You can run sysdig in two modes.
You can view the the real-time stream of server activity live, or you can save records of system operations to a file for later offline analysis.
Since you will most likely want to use the second option, that is what we will cover here. Note that when saving system activity to a file, sysdig takes a full snapshot of the operating system, so that everything that happens on your server during that interval of time will be available for offline analysis.
Note: When you run sysdig commands, please make sure that each option is preceded by a single short dash. Copying and pasting may cause an issue where a single dash is pasted as a long dash and therefore not recognized by the program.
Let’s run a basic sysdig command to capture 1000 lines of server activity.
To capture system activity to a file named
act1.scap, and limit the output to 1000 events, run the following command (omit the
-n 1000 part if you want to run sysdig for an unspecified period of time). The
-z switch is used to enable compression of the trace file.
sudo sysdig -w act1.scap.gz -n 1000 -z
Note: If you omitted the -n switch in the last step, you can interrupt the execution of sysdig by pressing the CTRL + C key combination.
Chisels are sysdig scripts.

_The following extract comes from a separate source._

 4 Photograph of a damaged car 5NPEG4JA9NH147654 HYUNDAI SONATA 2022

To display a list of the available chisels, we need to run the following command:
sudo sysdig -cl
In order to audit the network traffic on our CentOS 7 LAMP server using the trace file created by sysdig, we will use the chisels available under the Net category:
Category: Net ------------- iobytes_net Show total network I/O bytes spy_ip Show the data exchanged with the given IP address spy_port Show the data exchanged using the given IP port number topconns top network connections by total bytes topports_server Top TCP/UDP server ports by R+W bytes topprocs_net Top processes by network I/O
Further description of a specific chisel, along with instructions for its use, can be viewed with:
sudo sysdig -i chisel name
sudo sysdig -i spy_ip
Category: Net ------------- spy_ip Show the data exchanged with the given IP address shows the network payloads exchanged with an IP endpoint. You can combine this chisel with the -x, -X or -A sysdig command line switches to customize the screen output Args: [ipv4] host_ip - the remote host IP address [string] disable_color - Set to 'disable_colors' if you want to disable color output
Args section indicates whether you need to pass an argument to the chisel or not. In the case of
spy_ip, you need to pass an IP address as an argument to the chisel.

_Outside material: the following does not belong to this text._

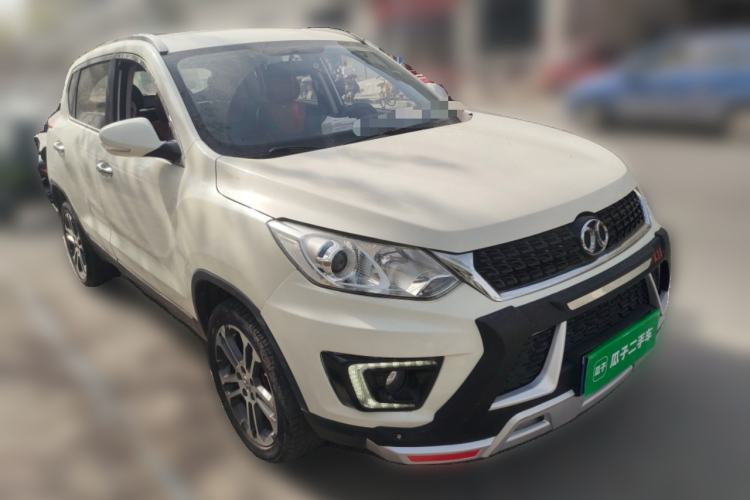 Used BAIC Senova X35 2016 1.5L Manual Luxury Edition Front Right 45 Deg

Let’s walk through a practical example of how to use sysdig to analyze bandwidth use and see detailed information about network traffic.

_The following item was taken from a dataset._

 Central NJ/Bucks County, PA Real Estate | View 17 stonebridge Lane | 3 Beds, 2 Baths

To get the best results from this test, you will need to set up a dummy web form on your server so appropriate traffic is generated. If this is a server with a fresh LAMP installation, you can make this form at
<body> <form id="loginForm" name="loginForm" method="post" action="login.php"> <table width="300" border="0" align="center" cellpadding="2" cellspacing="0"> <tr> <td width="112"><b>Username:</b></td> <td width="188"><input name="login" type="text" class="textfield" id="login" /></td> </tr> <tr> <td><b>Password:</b></td> <td><input name="pass" type="password" class="textfield" id="pass" /></td> </tr> <tr> <td> </td> <td><br /> <input type="submit" name="Submit" value="Login" /></td></tr> </table> </form> </body>
This isn’t required, but to make everything tidy, you can also create the
<body> <p>Form submitted.</p> </body>
Warning: Please delete this form when you are done testing!
We will starting capturing our log collection of data by issuing the following command:
sudo sysdig -w act1.scap.gz -z -s 4096
Leave sysdig running for a reasonable amount of time. Your command prompt will hang while sysdig runs.
Now, visit your server’s domain or IP address in your web browser. You can visit both existing and non-existing pages to generate some traffic. If you want this specific example to work, you should visit the home page, fill out the login information with anything you like, and submit the login form a few times. In addition, feel free to run queries to your MySQL/MariaDB database as well.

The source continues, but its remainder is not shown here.